Big Data and the Coming Conceptual Model Revolution
Conceptual modeling, or semantic modeling if you like, is a rather nebulous area in data management. There seems to be a lot of agreement that it is needed, some disagreement about what it is, and little understanding of how to do it. Yet I believe we are now at a point where we will be forced to deal with it in a far more serious way than we have in the past.
I define a conceptual model as "a model of business information purely as information without any concern as to how it might be stored as data."
To me a conceptual model is not a data model in any sense because it is not part of any effort to design a data storage solution. It is a model that captures information used in a particular area of the business.
Other definitions of "conceptual model" exist. Confusingly, the ANSI/SPARC definition of "conceptual schema" is something that describes "... all the data items and relationships between them, together with integrity constraints (later). There is only one conceptual schema per database." This is essentially what is commonly called a "logical data model."
Then there is the "conceptual data model," defined by Tom Haughey as "a high level or coarse data model which is preliminary in structure, possibly abstract in content and sparse in attributes, that is intended to represent a business area. It is preliminary in structure because it may contain many-to-many relationships."
I do believe that a conceptual data model has a place in data management, as a preliminary to a logical data model. However, it lacks the detail I would expect of a real conceptual model and suffers from being oriented to a data storage design rather than a full description of a business reality.
Data Models and the Relational Paradigm
There is strong evidence that conceptual models are becoming more important today than they have ever been. Essentially, conceptual models are becoming divorced from traditional data models, and the divorce is likely to be a messy one because of the way that data models and data modelers have grown up since the 1970s.
Data modeling as we know it today is inextricably linked with the relational database paradigm - the way in which the columns of database tables are all "related" together. The relational paradigm is so ubiquitous that data modelers do not realize just how much data modeling presupposes it. And the relational paradigm has been enormously successful. It has been tempting to think, therefore, that a logical data model can truly represent the business - to think that a logical data model is the same as a conceptual model.
Enter Big Data
But now things are changing. The success of columnar databases in ultra-large scale data environments has presented a challenge to the relational paradigm. Of course there is enormous hype about big data, but it is also enough of a reality to demand attention. To use the columnar databases successfully you have to unlearn the relational paradigm. I have seen this on a petabyte-scale project I worked on, and it can be ugly. Once the relational paradigm is jettisoned, data modeling as we have known it goes out the window, too. Yet the need to understand what to make of the data in business terms remains.

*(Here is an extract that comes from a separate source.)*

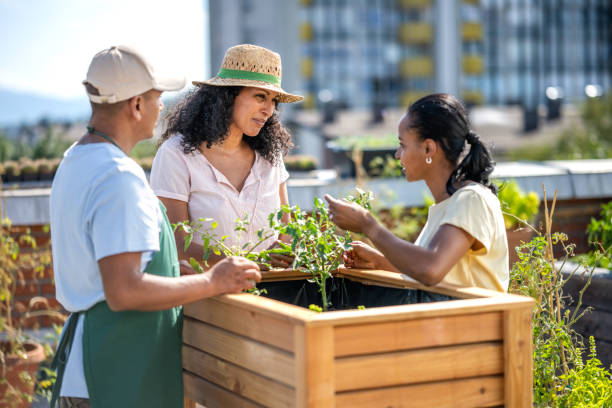 istock Man and women talking while standing by flowerbed 1470196078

The challenge of managing big data is to distill it into forms that fit the models that business users have of their information requirements - to distill it into conceptual models. Of course it is also true that data models are needed to design a big data dataspace, but these are also unrelational and must come after detailed conceptual models. The reason is that in big data there is no approximation of the conceptual model and logical data model as there can be in the relational paradigm.
And so it was too in the era before relational. ISAM, VSAM, IMS, ADABASE, IDMS and the prerelational data stores could not be designed using ER-based data modeling techniques built on the foundation of the relational paradigm.

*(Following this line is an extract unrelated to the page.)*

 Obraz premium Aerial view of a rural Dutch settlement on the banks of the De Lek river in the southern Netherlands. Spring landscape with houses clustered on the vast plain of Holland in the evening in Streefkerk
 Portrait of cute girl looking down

And, if truth be told, this is also true when relational databases use generic patterns to hold data. For instance, I recently spent several weeks producing conceptual models for different types of institutional customer housed in a "party model" generic database. My conceptual models bore no resemblance to the design of the relational data store.
What Data Modeling Cannot Do
If we truly model business information in full detail and compare it to what we find in typical data models, there are significant divergences. There are things we need to represent in conceptual models that either are not represented or cannot be represented in traditional data models. These include:
- Relationships between non-key attributes in an entity. For example, Total Sales Amount is related to Total Sales Amount Currency by the relationship "is denominated in," but the relationship cannot be expressed in a data model.
- The use of code tables. Wherever a code table is used, the physical records it contains represent business concepts that have not been captured and defined in the data model used to design the database in which the code tables are housed. I submit that half or more of the business concepts required for a database can easily exist as code table records and thus be missing from the corresponding data model.
- Levels of abstraction. Total Sales Amount as a column in a database represents a piece of business information. But Date-Time of Last Update is metadata about a record. If an entity contains both attributes that are data and attributes that are metadata, I cannot represent them as being at different levels of abstraction. At best I can use devices such as naming conventions, but these are not really satisfactory.
Conceptual models must capture all business concepts and all relevant relationships. If instances of things are also part of the business reality, they must be captured too. Unfortunately, there is no standard methodology and notation to do this. Conceptual models that communicate business reality effectively require some degree of artistic imagination. They are products of analysis, not of design.
Today, big data environments present us with a gap between data storage design and business information that cannot be bridged in a single type of model. The reality is that this problem has always been present to some degree, even during the heyday of the relational paradigm. How the problem will be solved is a different matter, but it will eventually be solved.